I've never met Donna Brazile. She certainly doesn't know me or what motivates me. Maybe our paths will cross one day, and I'll get to ask her why she chose to single out General Powell and me for what I've come to affectionately call the "full Donna." But knowing her penchant for headline-making remarks (it was an off-hand comment that got her fired as Michael Dukakis's political director in 1988), I found her intemperate comments hardly a surprise.
Ms. Brazile is typical of many black leaders and political operatives today who simply can't accept the notion that there are independent-minded African American men and women who disagree with them, who have rejected their liberal philosophy and approach to problem solving. For them, group identity is more important than individual principles because for them, maintaining the group identity assures the continuation of their power.
Like any group that has endured much, African Americans have created a strong and mutually reinforcing sense of group identity. That's not a bad thing in and of itself. Once the exhilaration of emancipation had worn off after the Civil War and the reality of being free but black in America had sunk in, that group identity comforted, protected, and encouraged us as a people to move forward in spite of the barriers put before our progress. That group identity gave us new strength and courage during the civil rights movement of the 1960s that ended the reign of Jim Crow and began a new era of black educational and economic upward mobility.

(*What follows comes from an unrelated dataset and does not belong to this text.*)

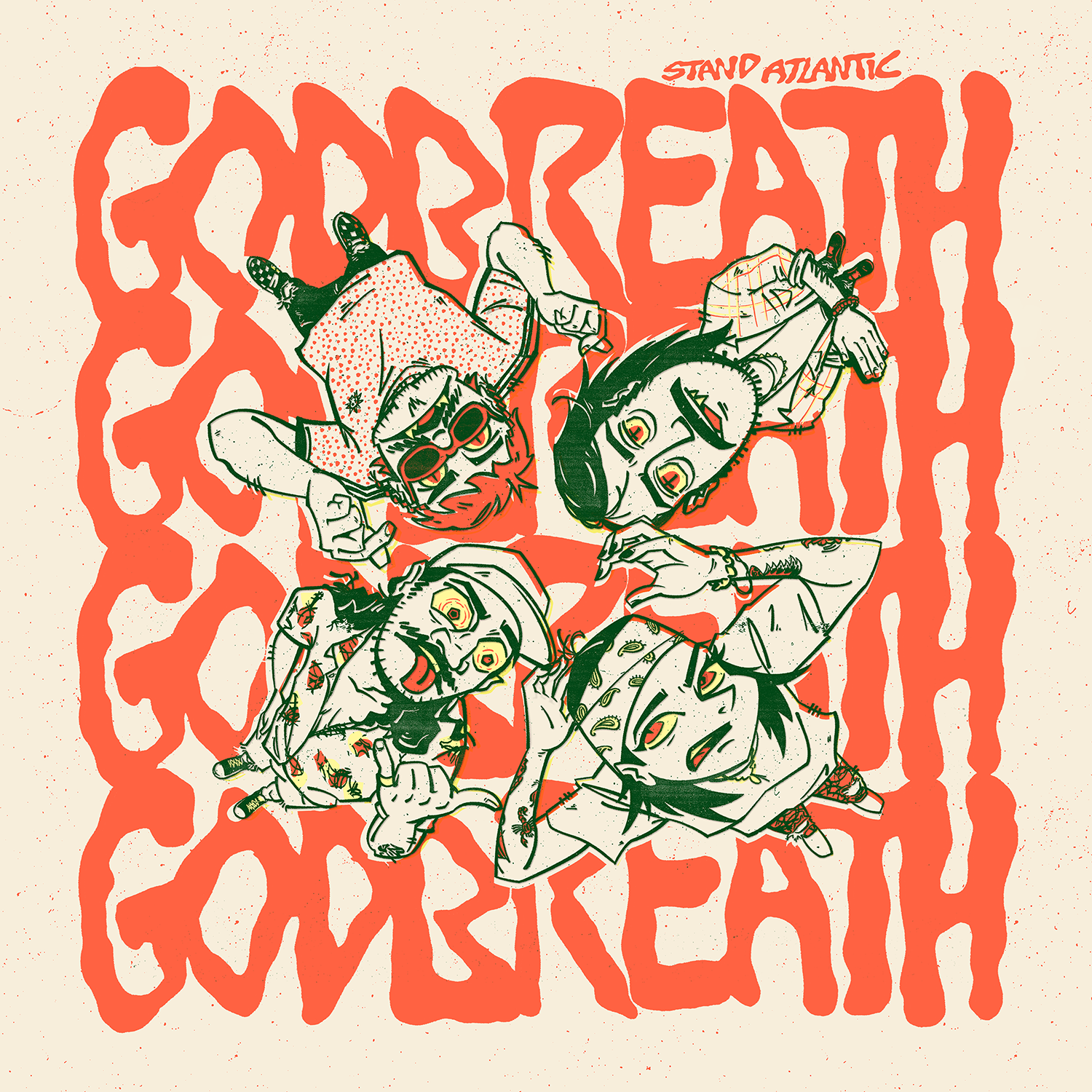 STAND ATLANTIC ‘GODBREATH’ CD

Sometimes, though, this group identity can limit us more than it protects us. Just as the Irish, the Italians, and the Jews still take pride in their roots, African Americans today should be proud of their heritage and never forget the difficult path our people have been forced to walk. But when the group identity becomes more important than the individual, it can blind us to valuable viewpoints, options, and opportunities. I embrace my blackness, just as I do my conservatism and my Christianity, but I don't want to be defined or pigeonholed by any one of the many elements that make up my character.
That refusal to be stereotyped and cast into certain beliefs and behaviors is what gets people of color who take another path, particularly a conservative path, into a heap of trouble. It doesn't matter whether it is Colin Powell or Condoleezza Rice, Shelby Steele, Thomas Sowell, Clarence Thomas, or yours truly — we have all been labeled expedients, Uncle Toms, oreos, sell-outs, traitors to our race, and other equally uncomplimentary characterizations.
Most of all, however, critics of black conservatives say we've forgotten where we came from. I may forget a federal budget number or, God forbid, to set the alarm clock for my weekly 6 a.m. flight to Washington, but I know exactly where I came from. I know because every decision I make every day is based on the values and lessons I learned growing up on the poor side of the tracks in a dusty little Oklahoma town that most people have never heard of and nobody can spell right the first time.
I like to call the ethos I grew up with "Oklahoma values." But you'd be just as accurate if you said "American values." Except for our lack of a seacoast, Oklahoma has a little bit of just about everything that's American. We call the southeastern corner "Little Dixie" because it touches Arkansas and almost reaches Louisiana. The northern part of the state has a shared border with Missouri and Kansas. The northwestern section is a gateway to Colorado and New Mexico. And, of course, our entire southern boundary defines the northern edge of Texas. We're southern, and we're western, and Great Plains, too. Every weekend when I fly home from Washington, I never get tired of seeing the beauty and bounty of my home state.